Provided records ->
----

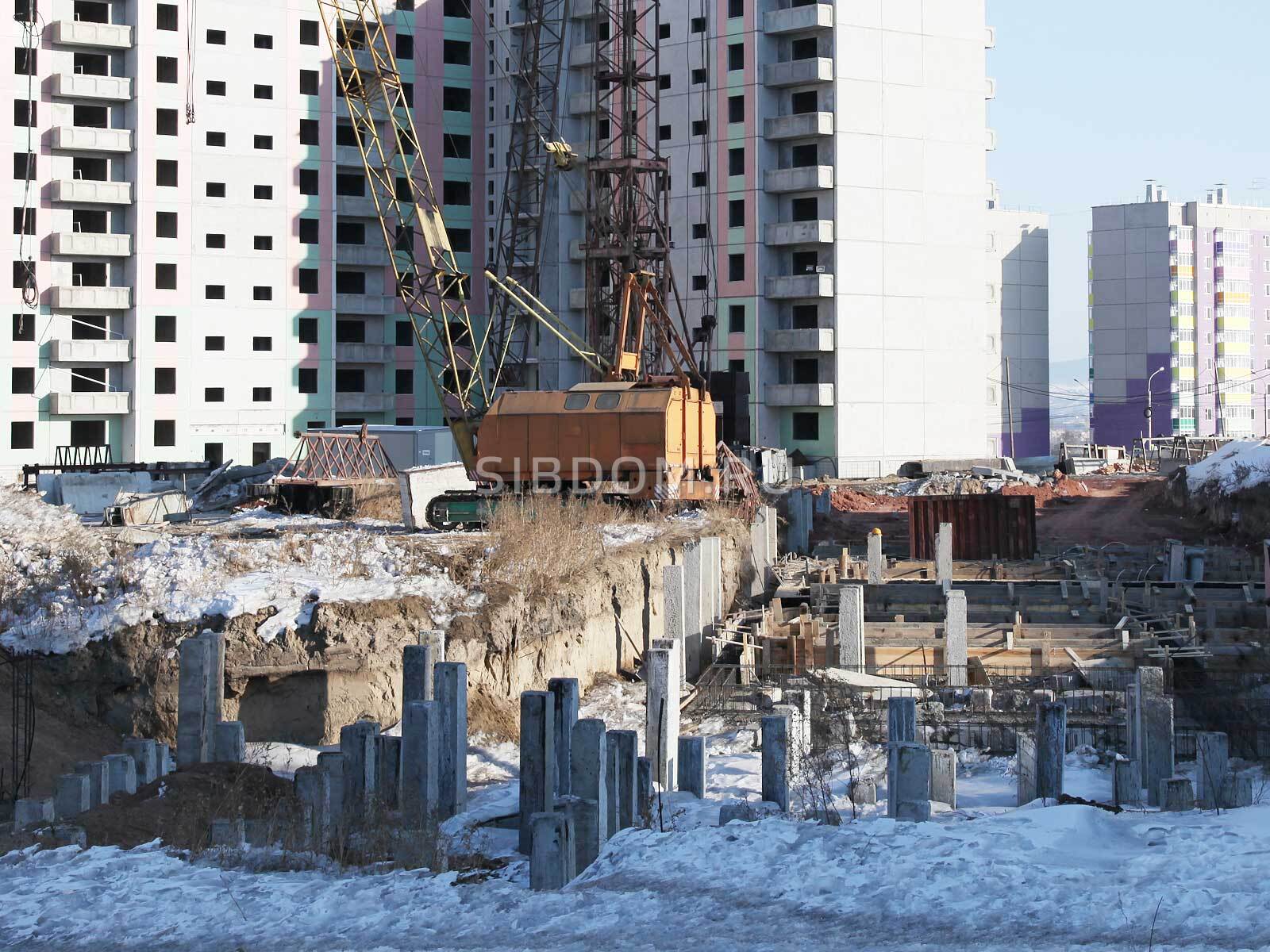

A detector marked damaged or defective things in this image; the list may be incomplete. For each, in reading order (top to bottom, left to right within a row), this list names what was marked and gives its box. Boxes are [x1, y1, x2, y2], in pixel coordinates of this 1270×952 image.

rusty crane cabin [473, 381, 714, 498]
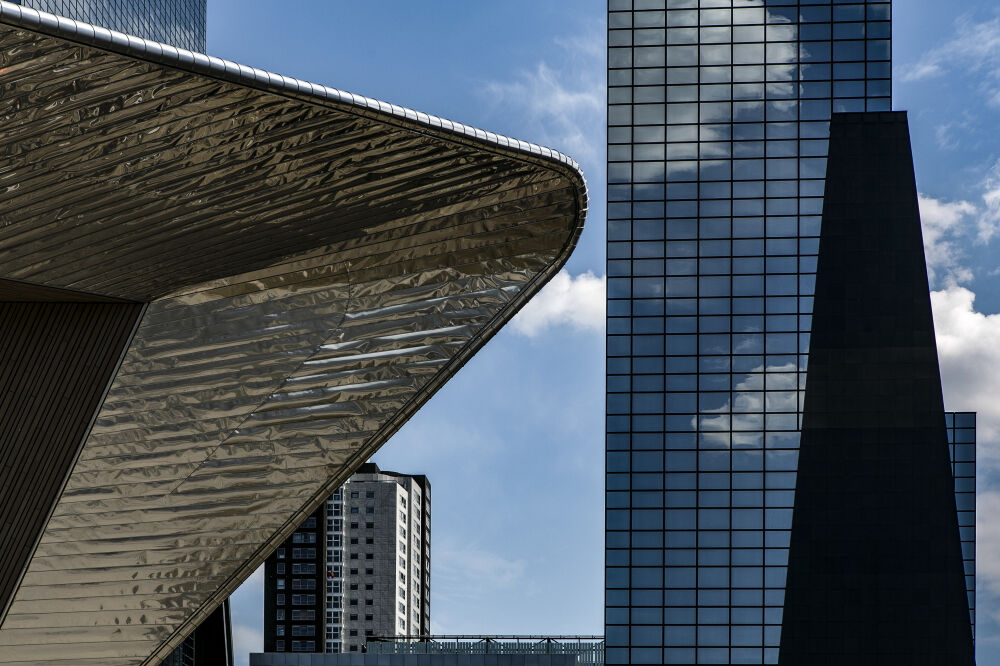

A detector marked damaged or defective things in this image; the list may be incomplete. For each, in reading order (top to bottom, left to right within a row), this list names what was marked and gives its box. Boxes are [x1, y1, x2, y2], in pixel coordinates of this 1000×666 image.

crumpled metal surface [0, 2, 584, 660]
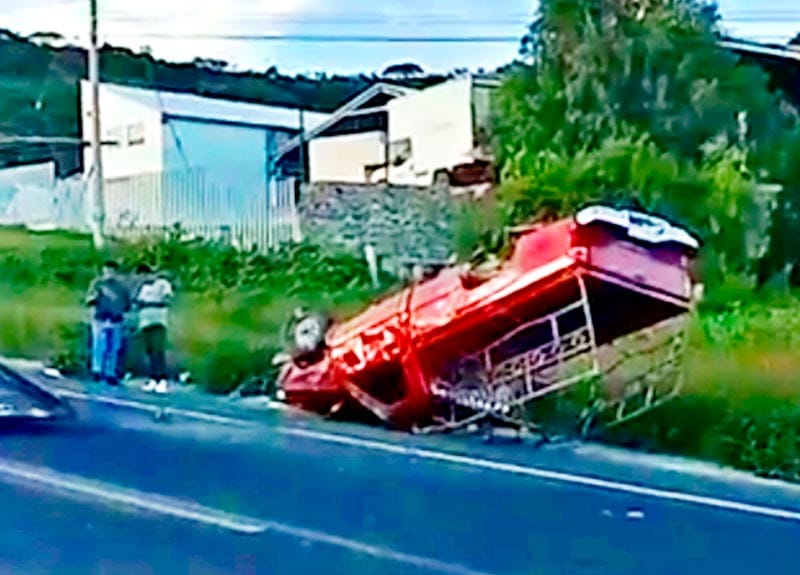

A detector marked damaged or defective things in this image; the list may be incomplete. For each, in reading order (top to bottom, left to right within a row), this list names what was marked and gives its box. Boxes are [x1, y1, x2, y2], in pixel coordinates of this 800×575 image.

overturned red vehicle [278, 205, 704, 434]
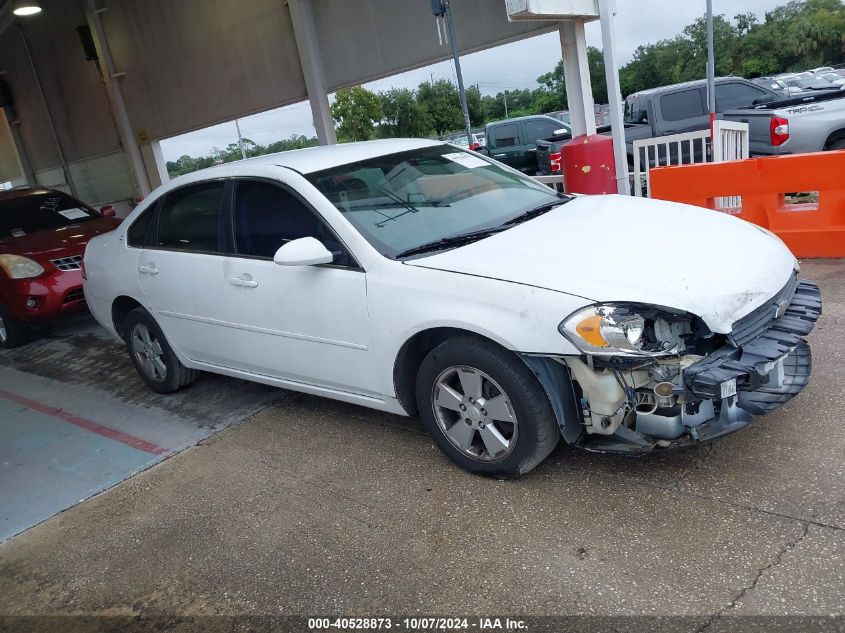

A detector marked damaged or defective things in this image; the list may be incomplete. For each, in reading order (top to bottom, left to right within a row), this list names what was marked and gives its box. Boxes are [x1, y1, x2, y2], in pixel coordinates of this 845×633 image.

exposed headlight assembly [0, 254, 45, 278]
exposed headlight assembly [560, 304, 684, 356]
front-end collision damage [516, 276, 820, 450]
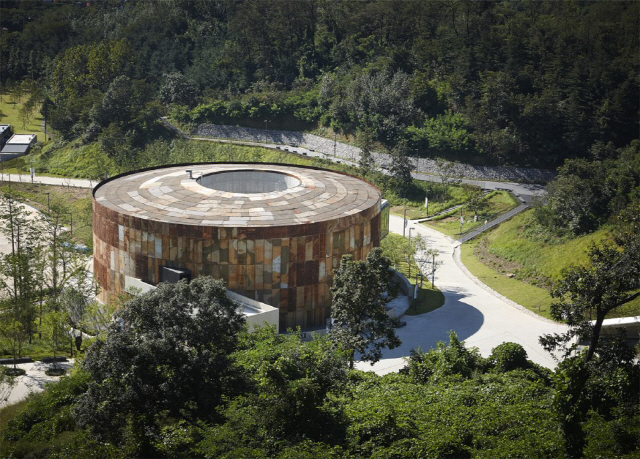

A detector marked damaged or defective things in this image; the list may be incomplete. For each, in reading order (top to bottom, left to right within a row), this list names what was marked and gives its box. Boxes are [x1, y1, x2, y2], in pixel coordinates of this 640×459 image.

----

Exercise description ->
Every line from the one containing "this 800×575 image." to the final line of the records should be duplicated exactly; no picture is to be copied.

Solution to this problem ->
A detector marked damaged or defective things in this image; the list may be incomplete. For each, in reading order (top to bottom, left to right within a row), this list names what was marked and gives its box. Boxes are [x1, y1, x2, y2], in pixel coordinates of this 800×575 image.

overturned red vehicle [278, 205, 704, 434]

A detector marked damaged or defective things in this image; the list may be incomplete. For each, in reading order (top to bottom, left to right within a row), this list names what was marked and gives its box. Boxes are [x1, y1, x2, y2], in pixel coordinates of this 845×633 image.

exposed headlight assembly [0, 254, 45, 278]
exposed headlight assembly [560, 304, 684, 356]
front-end collision damage [516, 276, 820, 450]

A detector marked damaged or defective things in this image; the list may be incomplete. For each, in reading order (top to bottom, left to right within a row), this list names what was marked and gives its box. Boxes are [x1, y1, x2, y2], in pixel coordinates of this 640×459 image.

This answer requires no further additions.